As you’d expect, ODEON’s users are carefully segmented according to their behaviour and level of engagement with the brand and a model is used to help determine their likelihood of seeing any particular film. Unexpectedly, however, one of the most significant segments for the brand comprises users who don’t wish to receive any marketing material at all. 

“Those guys are actually very important to us,” says Boddice. “They come to the cinema. In fact they tend to be reasonably active. They just don’t want to receive any comms. Well, that’s great – because they’re effectively our control group.”

New sign-ups, he explains, are introduced gently to the brand – it’s six weeks before they start receiving regular mail-outs. Active, existing users are kept engaged with regular bursts of information, and there’s also a focus on inactive users, incentivising them to re-engage. 
“We look at how likely someone is to see a particular film, based on past purchases, opens and clicks,” says Boddice. “And simply by looking at that data, we’ve been able to massively drive up our ROI.”

So, ODEON’s approach to data has produced dividends. But what can marketers in other industries learn from the brand?

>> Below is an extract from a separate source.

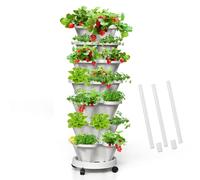 Tectsia Strawberry Vertical Planters, 7 Tiered Stacking Tower Garden with Support Pole, Stackable Herb Vegetable Planters Indoor and Outdoor - White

“I’ve worked agency-side and client-side,” says Boddice, “and what I’d say is it can be easy to make improvements just by thinking about what you want to achieve and moving slowly and surely, rather than throwing lots of money at agencies and tools. I’m not saying agencies and tools can’t be great because they can, but for ODEON right now it’s about thinking carefully about what we want to do. It’s about proving that you can get ROI and engagement by doing things at a small scale with the existing tools before you start spending huge amounts on detailed segmentations, models and specialist campaign management tools and databases. We’ve probably increased our email revenue from the same customers by about 35 per cent over the last two to three years, not allowing for the growth in database size, and at the same time we’ve cut our costs by about 50 per cent. So yes, look at what you want to achieve first and then supplement that by looking at the data.”